Quando, a 2 de Janeiro de 1972, António Eduardo ouviu dizer que o trabalho de supervisão da construção das torres da Torralta "não era nada que não se pudesse aprender", pôs as mãos no fogo pelo sucesso do projecto. "Na altura esperava aquilo que toda a gente esperava, tínhamos acesso às plantas de construção e o empreendimento era uma coisa em grande", explica António, hoje com 47 anos.
Um edifício pronto, uma segunda torre já com fundações e "areia, areia e mais areia" foi o que o actual membro da Comissão de Trabalhadores da Torralta encontrou em Tróia há 30 anos. Hoje dói--lhe o coração quando pensa "que não se vai poder aproveitar nada daquilo que estava feito". E diz que "o coração tem de doer a quem conheceu aquele complexo de férias, com campo de golfe, piscinas, cafetarias, self-service, marisqueira, uma pizaria e uma geladaria". António recorda-se do "auge da ocupação, nos anos 80" com nitidez. "O restaurante chegava a servir duas mil refeições por dia naquela altura", garante. Tróia era um êxito, com direito "a réveillon transmitido em directo na televisão e tudo".

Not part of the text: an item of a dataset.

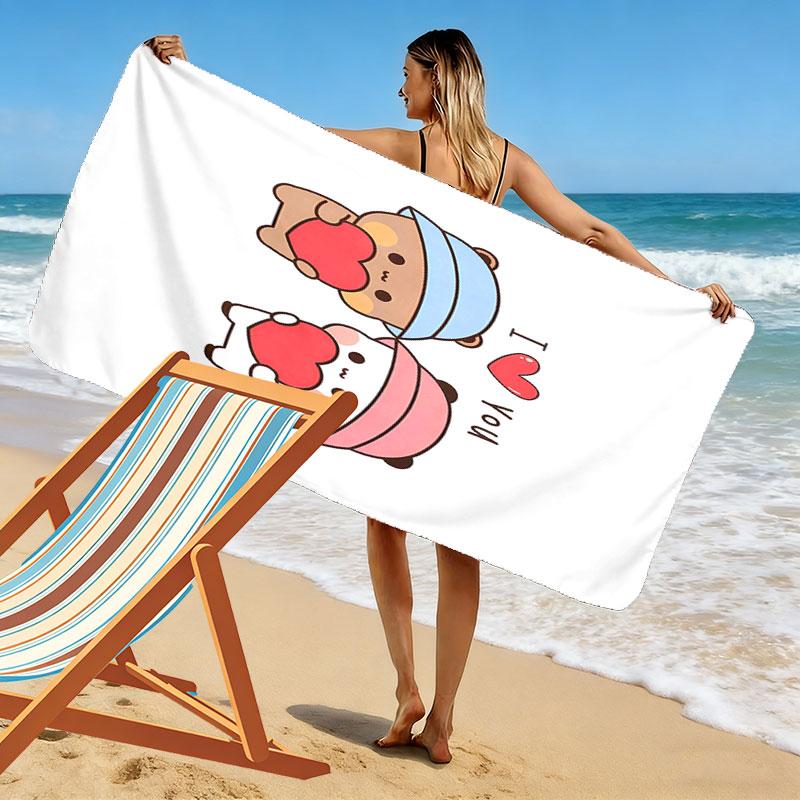 Asciugamano da Spiaggia con Stampa Bubu Dudu, Asciugamano Grande Morbido Asciugatura Rapida per Spiaggia Campeggio Nuoto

Depois, veio o marasmo. "Perguntei-me muitas vezes o que estaria aqui a fazer". Como membro de uma comissão de trabalhadores que se ocupava da manutenção de um complexo parado no tempo, teve "uma sensação de inutilidade, fruto da inactividade". Sabia que financeiramente o projecto não estava a resultar e percebia que as pessoas começavam a desinteressar-se do empreendimento. Hoje, percebe que há quem goste de Tróia como ele "A administração da empresa avisou os proprietários de que este Verão as obras iriam arrancar e algumas coisas seriam fechadas e deitadas abaixo. E o que se passa é que as pessoas estão a aparecer, querem estar cá."
António acredita que "este Verão está a acontecer assim para que haja uma evolução". Confia que no espaço de "seis, sete anos Tróia pode ser muita coisa e muita coisa bonita". No entanto, não sabe se vai ficar para ver "Vi nascer um primeiro filho, se esperar para ver nascer o segundo sei que quando ele estiver a dar os primeiros passos tenho de me ir embora, e isso dói ainda mais do que ver tudo abandonado."